And the work of life which God calls us to do has one great end - the development and perfecting of our character. It has, no doubt, its own intrinsic value; it would be a most uninspiring view of the work of life to suppose that in itself it was worthless, like some piece of work given a child, only to teach her how to use her needle. We cannot estimate the value of what is done upon earth, we cannot see its issues; but that it has an intrinsic value we cannot doubt. Yet the great end for which we have been chosen to do it is for our own development and perfection. We may no doubt do the very work God has put us on earth to do in a way that injures ourselves; but if this be so, we may also feel assured that the work of God must suffer also; if the machine gets out of order, it cannot do its work perfectly. It is by the work of life, and in the place chosen by God, that the character is to be formed and perfected, and it is by the character deepening in perfection that the work is to be most perfectly done. There is the work and there is the man - they were made for one another - no one can do the work so well as he, and no other work can do so much for that man.
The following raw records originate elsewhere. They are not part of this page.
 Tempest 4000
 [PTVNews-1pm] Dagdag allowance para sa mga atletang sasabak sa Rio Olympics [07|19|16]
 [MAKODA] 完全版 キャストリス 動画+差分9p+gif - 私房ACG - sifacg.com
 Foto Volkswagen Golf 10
Such a thought will give interest and value to all we have to do, and raise the smallest and most insignificant duties out of the commonplace. Those uninteresting surroundings, and dull people, and that round of duties, they are the tools with which God carves and chisels out of our nature the likeness of Christ; to neglect anything, to do anything in a careless and perfunctory way, will not only spoil the work but will injure the worker.
This, then, must be a fundamental and ruling principle in life, the principle of Vocation - of a purpose which we are called to fulfill; everything will go wrong if the aim is not right. If the aim be true, it will give force and directness to the whole character, and every power of nature and grace will be developed in its perfect proportion.
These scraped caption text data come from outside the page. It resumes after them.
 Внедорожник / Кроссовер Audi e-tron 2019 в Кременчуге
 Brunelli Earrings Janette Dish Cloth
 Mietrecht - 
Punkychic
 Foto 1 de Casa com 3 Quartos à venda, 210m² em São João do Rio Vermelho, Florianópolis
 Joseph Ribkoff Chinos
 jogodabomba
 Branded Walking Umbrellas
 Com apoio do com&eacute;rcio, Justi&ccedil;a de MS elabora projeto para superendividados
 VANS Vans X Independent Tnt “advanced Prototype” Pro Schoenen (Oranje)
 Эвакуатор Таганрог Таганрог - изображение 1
The idea of Vocation must not be limited to one or two of the more clearly marked calls of God, such as the call to the priesthood or the religious life; we read in the Gospels of one who thought he had a call to such a special following of our Lord as the Apostles had, and our Lord forbade him, and said to him, 'Go home to thy friends, and tell them how great things the Lord hath done for thee.' (Mark 5:19) He would have mistaken his Vocation if he had given up everything to follow Christ; his Vocation, therefore, was as distinctly to the home life as was Saint Peter's to the apostolic life. It is important that we should remember this: Vocation is the call of God to whatever form of life He may please to call one. The realising of one's position in life as a Vocation is like a conversion, it is the opening of the eyes to see the purpose and Will of God behind and through the ordinary events of life. The parable of the labourers in the vineyard shows us the monotonous and commonplace life of a day labourer transformed by the hearing of the call, 'Go, work in my vineyard.' (Matthew 20:4)
In the manifold works and obligations of life, all that keeps the world going, the fundamental difference lies in this, that multitudes who fulfil those duties do so because they are obliged; some few do them in obedience to the Will of God, and this makes all the difference in the character of those who work. Therefore, while some Vocations are no doubt more clearly marked than others, everyone, no matter how humble his position, has his place and work assigned by God, and consequently has in the true sense of the word a Vocation, the realising and fulfilling of which is the condition of perfection.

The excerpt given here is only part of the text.